This post is now done, and I can only hope I've made half a lick of sense.

In my next life I'm a secretary.

7 comments:

Donna M. Kohlstrom said...

The frenzy of approaching the writing goal...eating at my desk, not answering emails, phone calls and ignoring my husband's presence in the room! Looking down at my mismatched outfit and wondering why it's looked the same as yesterday's. LOL!

Can't wait to celebrate with you the completion of your book and want to be one of the first to read it!

Ann Baldwin said...

Thank you for sharing what's it's like for you as a writer and what you go through; it helps those like me just getting started with the novel writing process know what to expect.
Annie
http://www.annbaldwin.net

Sheila Deeth said...

Thank you. I feel much better now.

Jill Eileen Smith said...

Hey Brandilyn, I've had something similar happen with books two and three in my first series. Both felt like the endings were attached to the Energizer Bunny and they just kept going and going and going...but you're right, eventually the story fits together and the ending becomes clear.

Later, we look back and think this was fun! :)

Happy hammering~
~Jill

Peg Brantley said...

SFD will be wrapped up, well . . . soon. I'm where you've been many times, for the first time—that counts, anyway. The ending-ending is quite clear. It's the getting to the ending-ending that is proving elusive.

I know I need to move myself out of the way, but first I have to at least have things pointed in the right direction.

The other day I found a bazillion loose threads. Some were brilliant. Most were obviously written by a gang lunatics who helped themselves to my computer when I was away fixing dinner or something. No one lunatic could do that much damange.

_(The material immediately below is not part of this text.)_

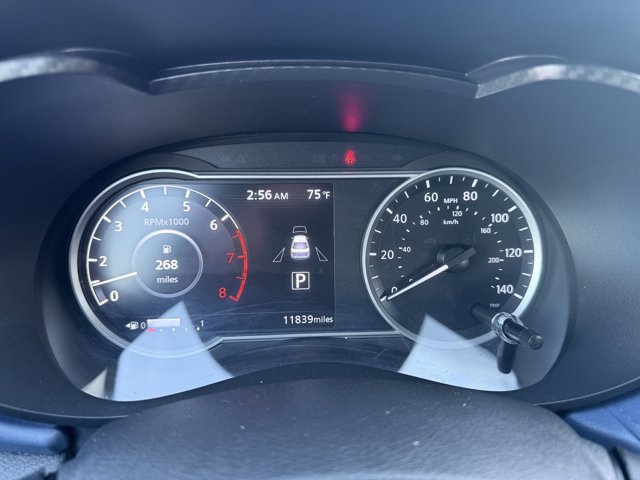 Vehicle image 75 of 85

Speaking of dinner, the Love of My Life has had to get used to eating alone because even when I'm there, I'm not.

I love this why???

johnny dangerous said...

Aristotle told writers to 'write with the end in view.' And so I have an awfully good idea of how my work-in-progress (the sequel to BLEEDER) will end. It's GETTING there, through the broad and terrifying middle, that has me stuck this week. I'm sketching an outline (of sorts) working backwards from the end - asking, "for this to happen, what must come before it?" This 'retrograde plotting' is helping me to get away from the scary 'what happens next?' problem.

John Desjarlais
http://www.johndesjarlais.com

Tina said...

Enjoyed reading this post and glad I am normal and I've not published a fraction of the amount of books you have! It's great to have a supportive hubby during this phase isn't it? May God bless your latest work.